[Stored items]

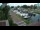 Webcam in Joure, 0 mi away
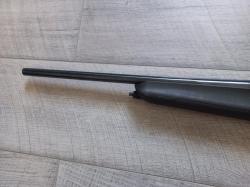 Benelli Argo 300 WINMAG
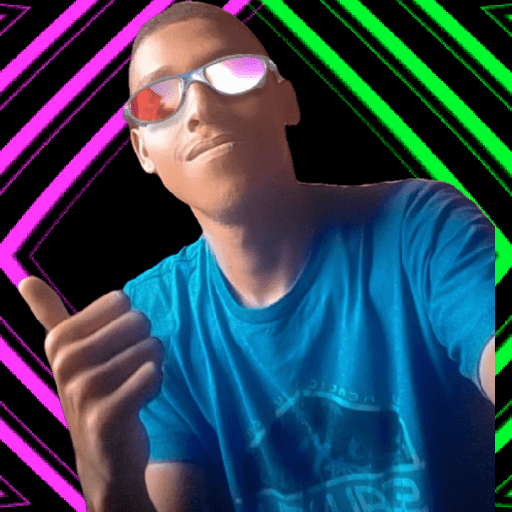 Sei lá 11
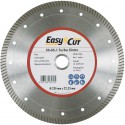 Disque diamant EC-45.1230x1,8x10x25,4/22,23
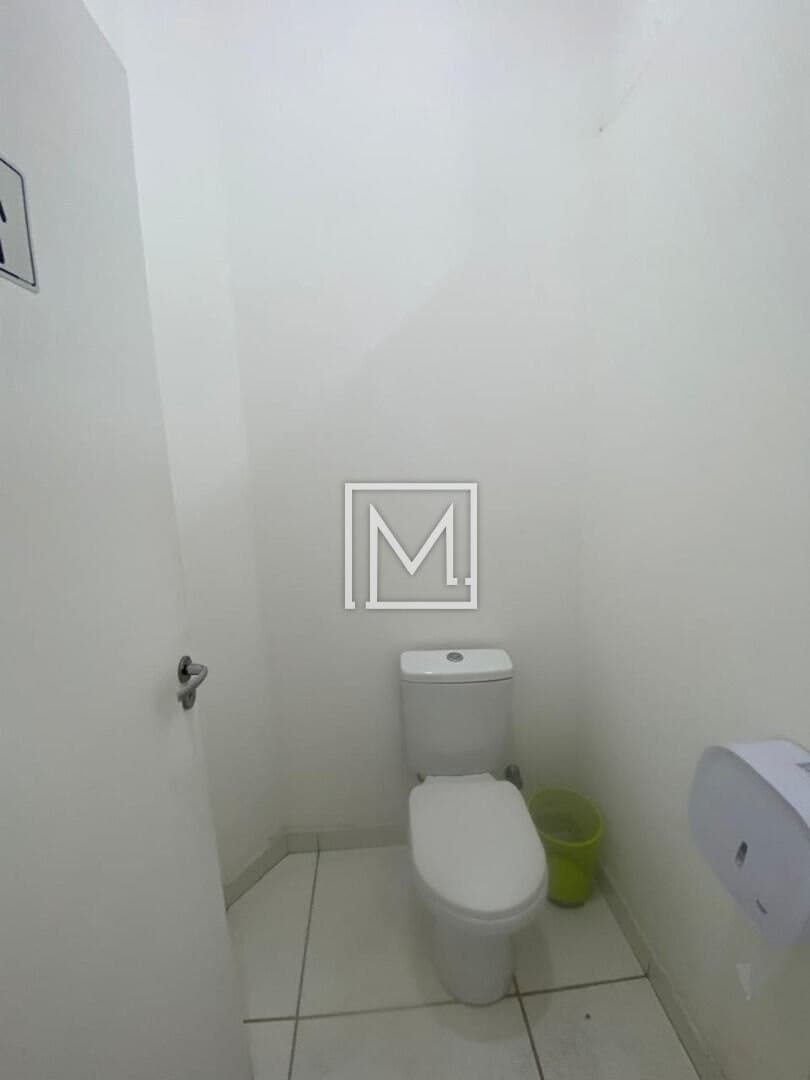 Conjunto para alugar, 250 m² por R$ 6.638,25/mês – Pinheiros – São Paulo/SP — foto 5 de 26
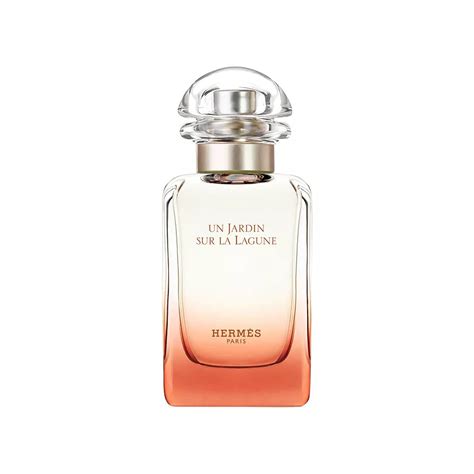 hermes perfuem|Hermes perfumes website.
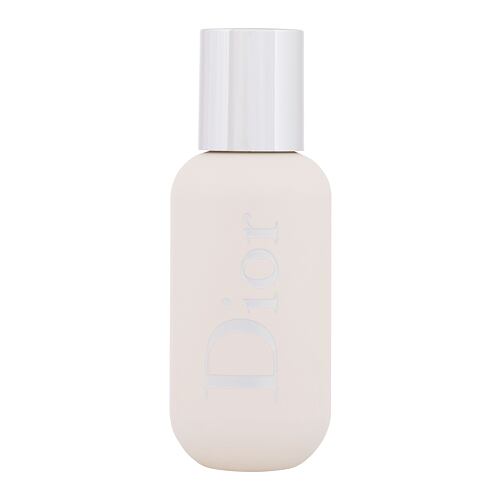 Podklad pod make-up Dior Dior Backstage Face & Body Primer 50 ml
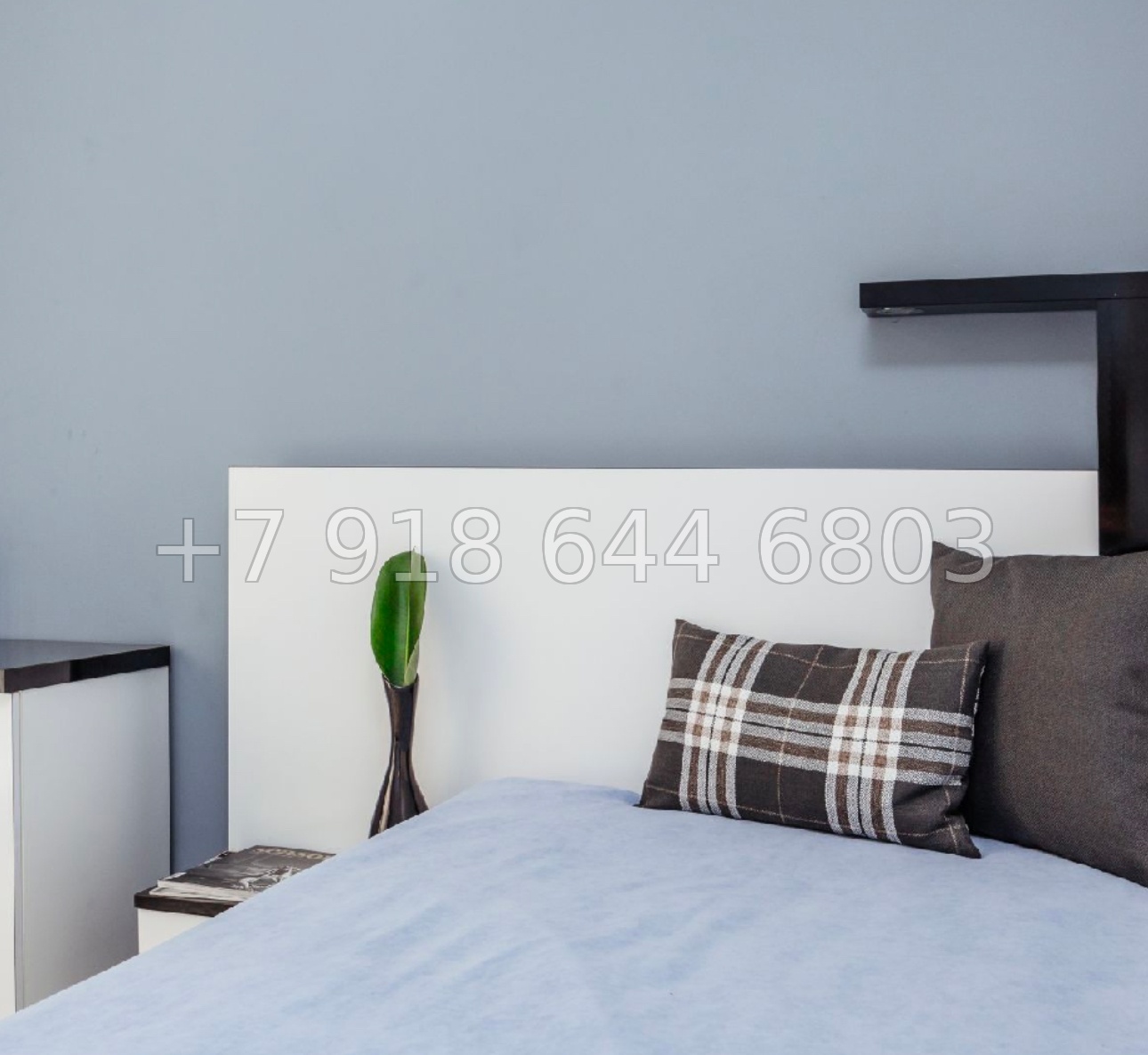 № 219 Б. Роскошная вилла в Сочи Каштанах - миниатюра 10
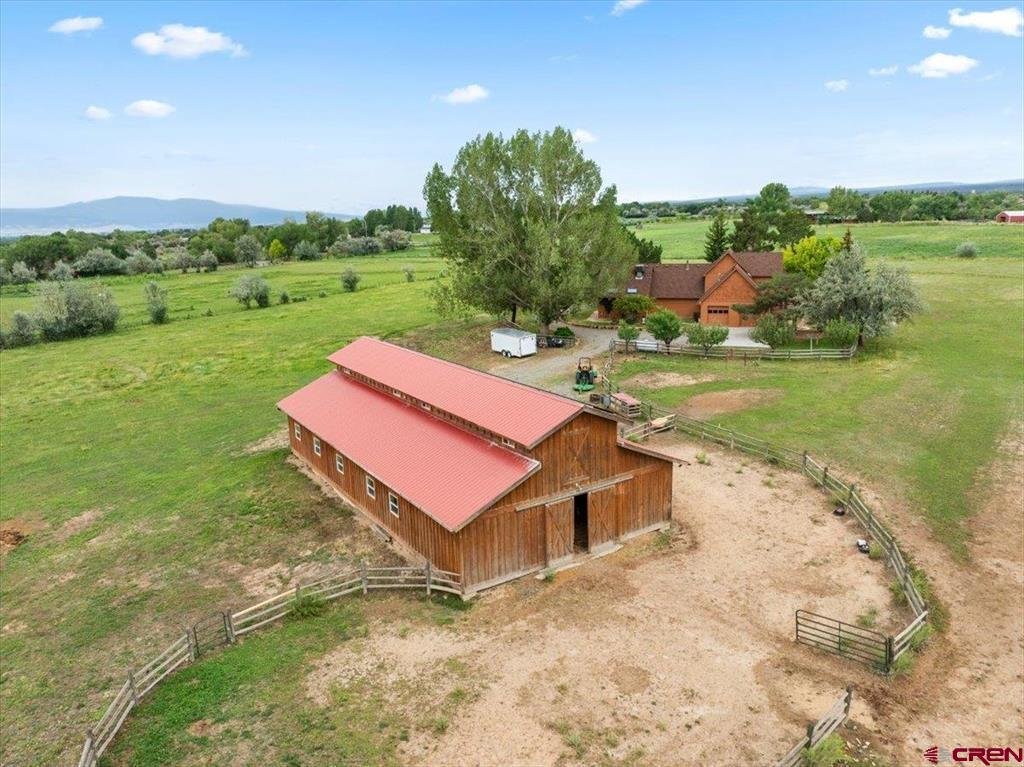 House in Montrose, Colorado, United States 4 - 18692695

> **Your goal**
Your task is an exact printout of the records above, with no pictures.

> **Answer to this exercise**
 Webcam in Joure, 0 mi away
 Benelli Argo 300 WINMAG
 Sei lá 11
 Disque diamant EC-45.1230x1,8x10x25,4/22,23
 Conjunto para alugar, 250 m² por R$ 6.638,25/mês – Pinheiros – São Paulo/SP — foto 5 de 26
 hermes perfuem|Hermes perfumes website.
 Podklad pod make-up Dior Dior Backstage Face & Body Primer 50 ml
 № 219 Б. Роскошная вилла в Сочи Каштанах - миниатюра 10
 House in Montrose, Colorado, United States 4 - 18692695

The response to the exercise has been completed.